On Saturday, a beehive was installed at the garden to help pollinate all the vegetables that are going to be harvest this year.

“They’re great pollinators, it’s going to do wonders for the garden,” said Tiio Hemlock, one of the community members who launched the garden.

He and just over a dozen others, spent the morning planting white corn, while the hive was installed by Tealey Normandin and Stephane Ouellet, the beekeeping couple behind The Honey Lodge.

“We want to give back to the community. We want to help the community garden, and have our bees help the town, help the flowers, and of course of the population of bees is having a lot of difficulty, so we’re trying to help in that aspect of helping with bees and pollination,” said Ouellet.

HoneyLodge2Ouellet sees it as an opportunity for people in Kahnawake to learn about beekeeping.

“The hive that we actually had made, we put exhibition windows, so people could actually open up the windows, look inside and see what the bees are doing,” he said.

“So, when we’re there, we’re going to invite people to come to the hive and learn about beekeeping and want to start teaching kids what beekeeping is all about, how it helps the environment, and how it is crucial to the environment. If bees were to die out, within four years, the planet would terrible. So, it’s very important to the environment that the bees stick around.”

In the future, honey produced from the hive will also be available for community members.

“Usually the first and second year, we try to leave as much of the honey to the hive itself, that way you’re actually building your colony stronger and stronger,” said Ouellet. “This year, when we put the queen in we actually did it this weekend, we brought her some wild flower honey for the queen and babies – there’s between 10-20 thousand bees in the hive when we first put her in, so we want to try to get that high between 20-40 thousands in one hive.”

Hemlock, along with a group of around a dozen community members initiated the grassroots planting project with the support of the Mohawk Nation at Kahnawake in 2015 with the aim to establish an organic, self-sufficient farming project that strives toward our community’s economic independence through food sovereignty.

He said each summer has been a learning experience.

“We’re constantly learning.

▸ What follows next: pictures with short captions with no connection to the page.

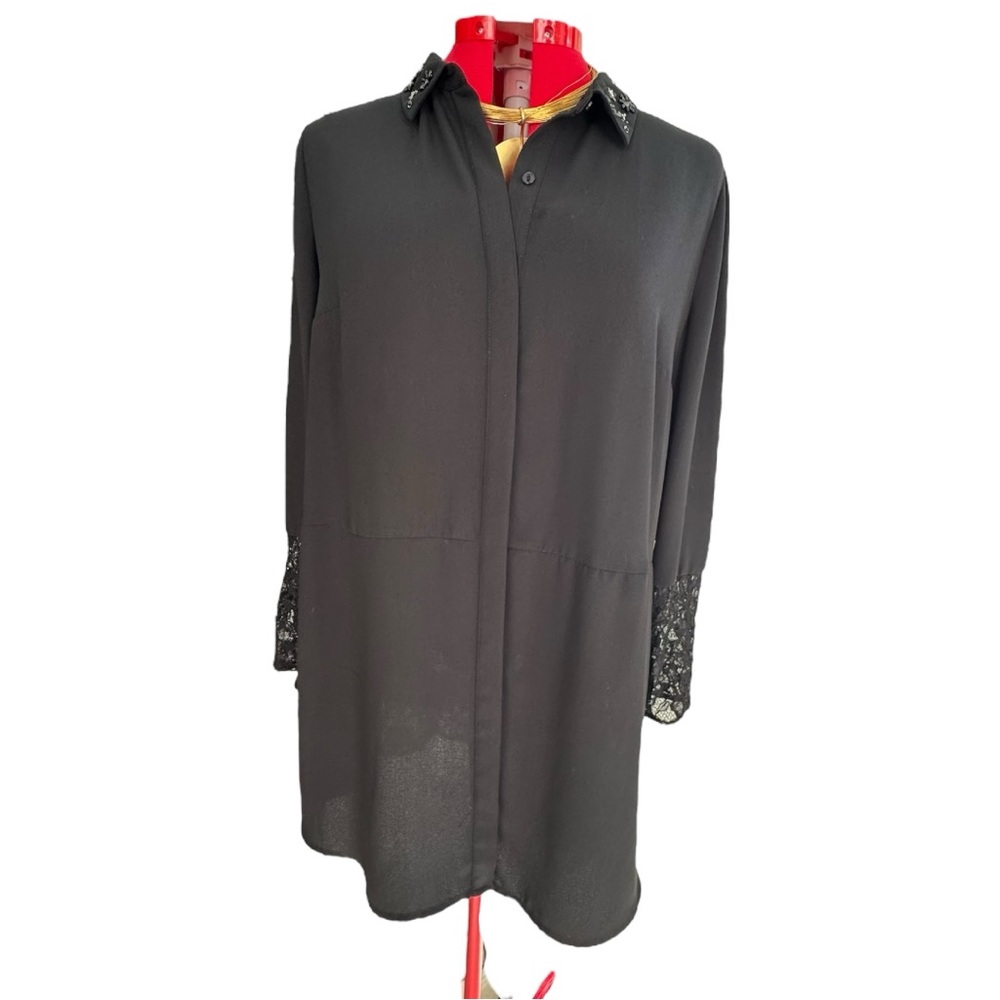 ELLE Lacey detailed button down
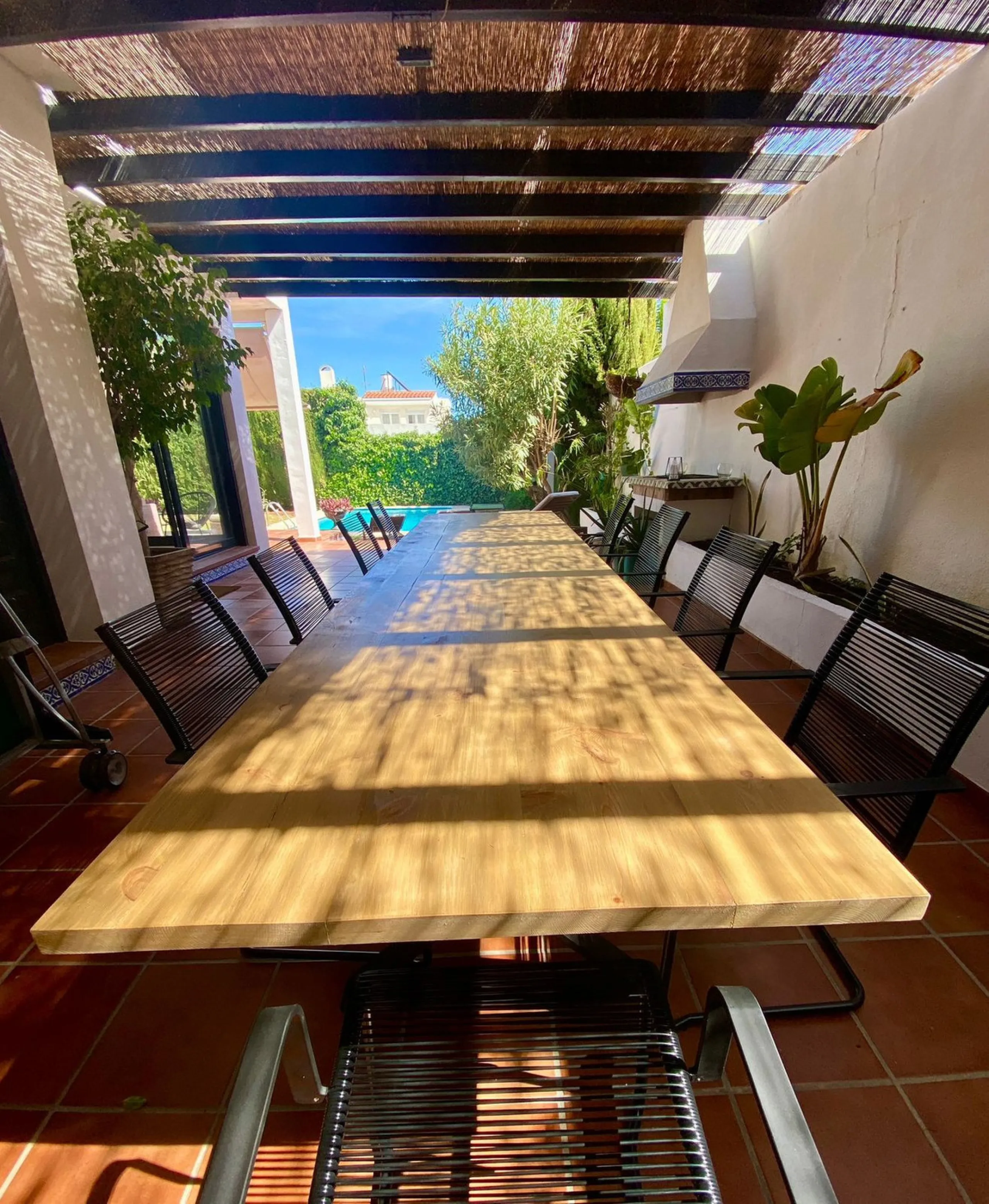 House - Detached Villa в продаже в Marbella, Málaga. В доме 6 спален и 6 ванных комнат. Площадь дома 300 м². Площадь участка 540 м²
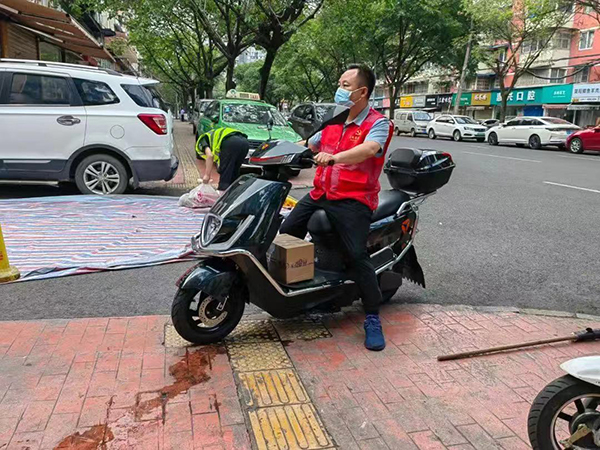 直击疫情防控现场 | 同心战“疫” 致敬疫情中的“逆行者”_fororder_唐林帮助孙女士取药-供图-成都轨道集团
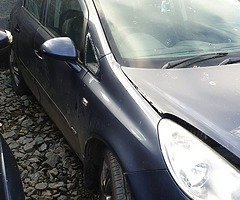 2008 opel corsa 1.2 breaking for parts
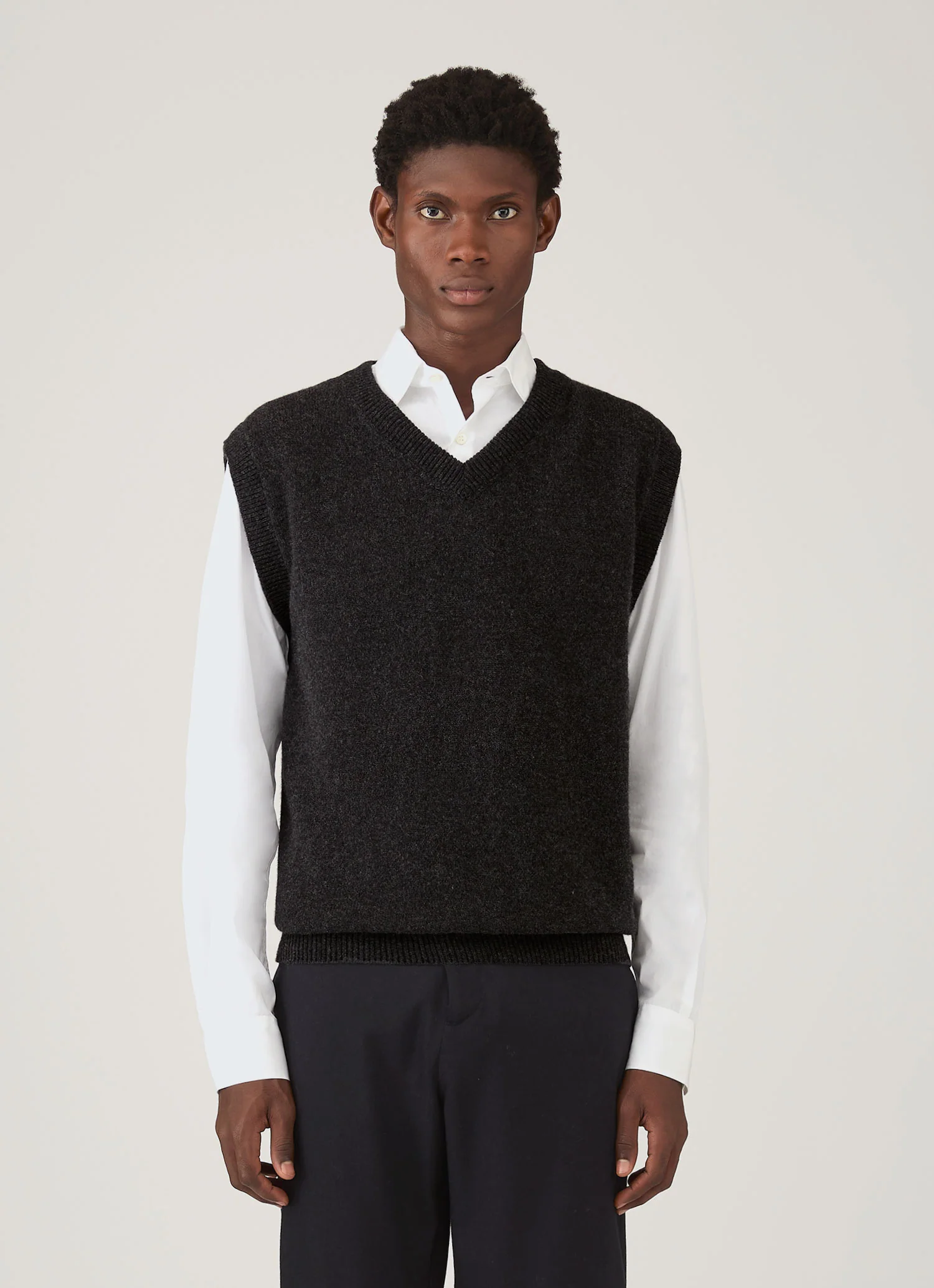 Men's Lambswool Vest in Charcoal Melange - Image 2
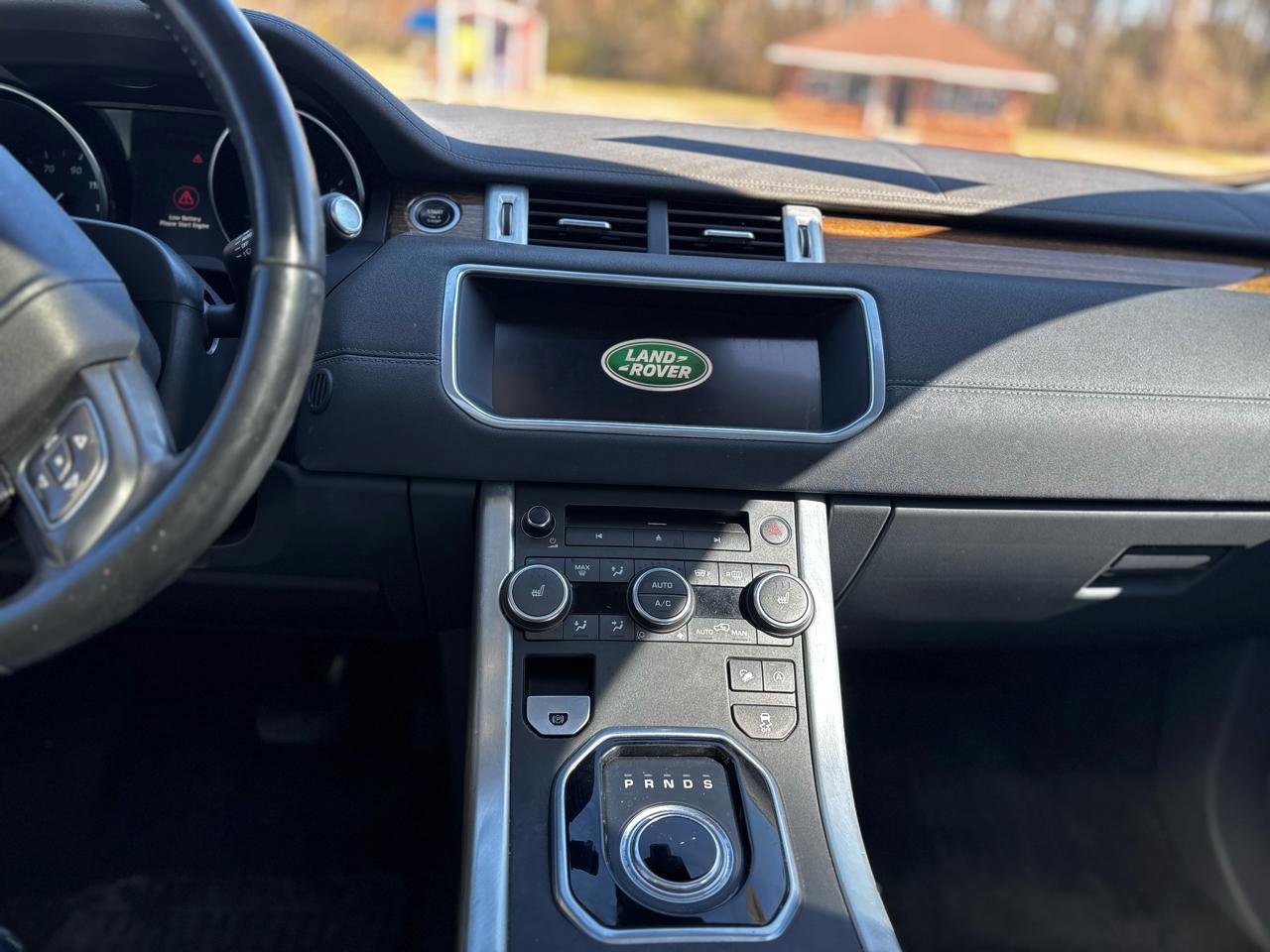 Used 2017 Land Rover Range Rover Evoque HSE AWD/4WD image 6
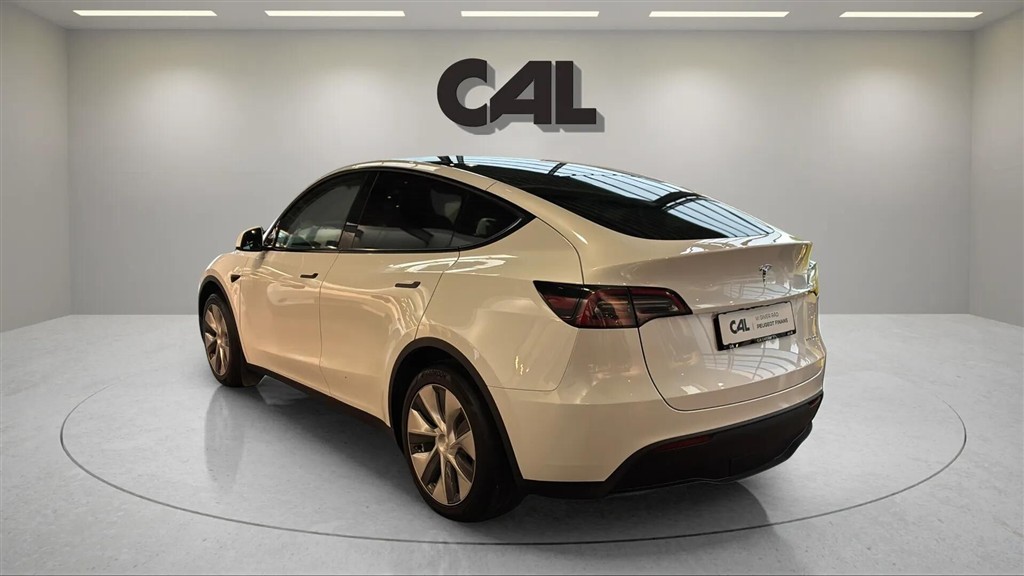 Tesla Model Y EL RWD 299HK 5d Aut. - Image 3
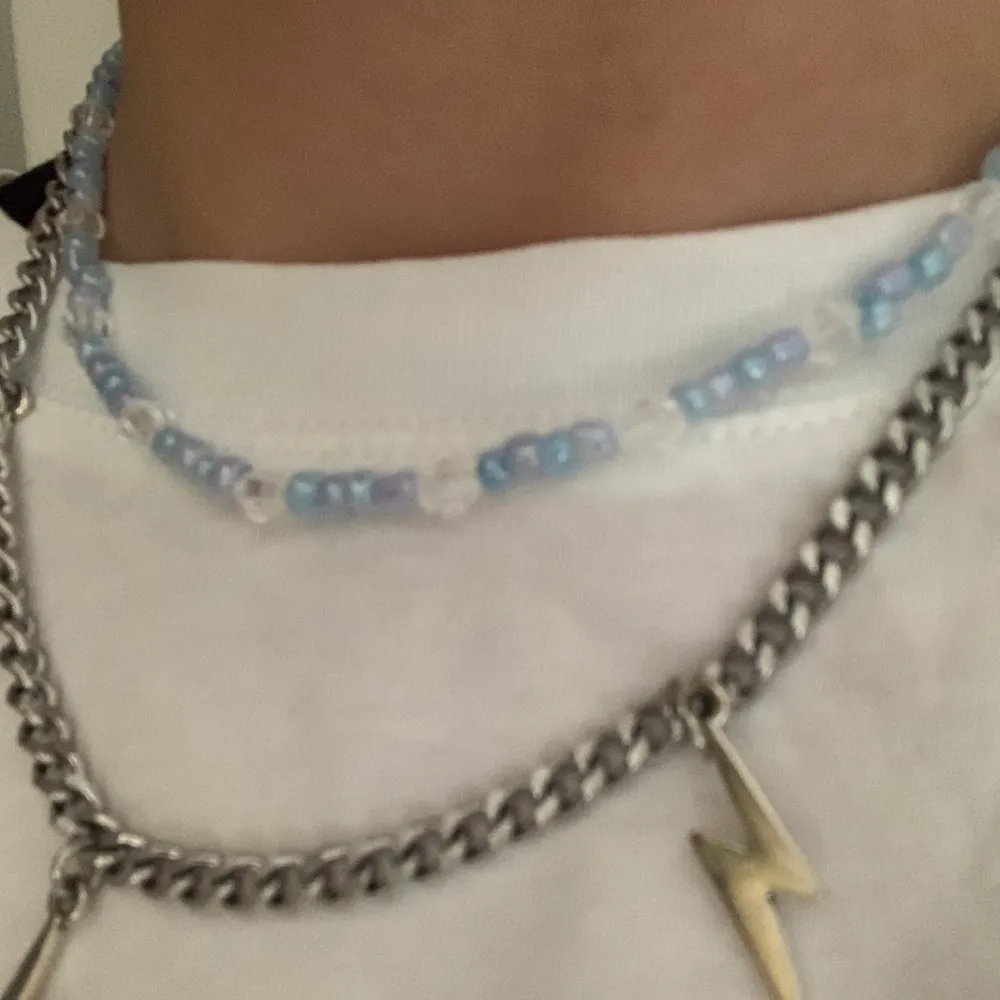 Ett trendigt pärlhalsband 💙 Halsbandet är elastiskt så det passar alla!  På halsbandet finns även ett lås så det blir enkelt att ta av och på! 💙 frakt ingår alltid i våra köp och priset kan diskuteras. Accessoarer.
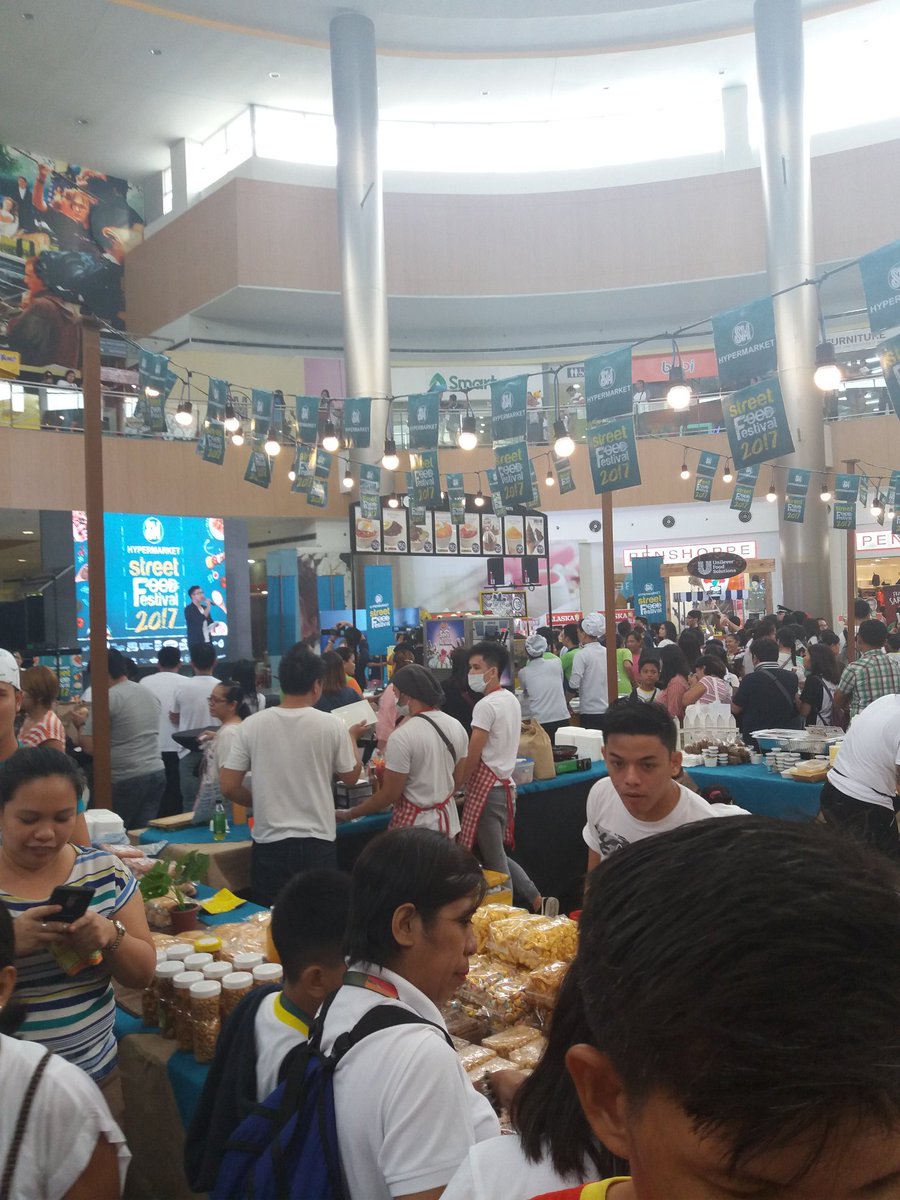 justlilygrace's tweet image. #smstreetfood #smhypermarket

Each year brings different challenges, so we’re learning on the fly as we go,” said Hemlock. “Last year, we had a really rough crop. Corn didn’t really come up, we couldn’t get ahead of the weeds and what corn did come up, the deer ate all of it.”

HoneyLodge3He said hopefully the hive, as well as some farm equipment donated by community members will help change that.

“We’re expecting a good harvest this year from the corn, and I’m going to have three summer workers out there, so we’re going to be on top of it this year,” said Hemlock.

The Honey Lodge also helped Hemlock set up two hives last week at the First Nations Regional Adult Education Centre, where he teaches a class on community involvement.

“It went well, nobody got stung,” said Hemlock.

Last year, the six students in his class started a garden, and learned over the year how to wash corn and make mush, split, build a picnic table, plant, forage and make poles for pole beans in addition to other tasks.

“It all goes hand-in-hand. With the animals, the bees, and the garden. It’s getting students active, showing them that they can do these things. You don’t just have to talk about it. We just finished competing another chicken coop,” said Hemlock.

Beekeeping is something his class were interested in for a year.

“Last year we tried to get started, but we were too late in ordering our hive. So, we’ve been talking about it for a year. The students seen it all the way through,” said Hemlock. “By taking part in these projects – completing it from beginning to end – I noticed it has carried over into their schoolwork. You see that they enjoy it, and they look forward to what we’re going to be doing next.”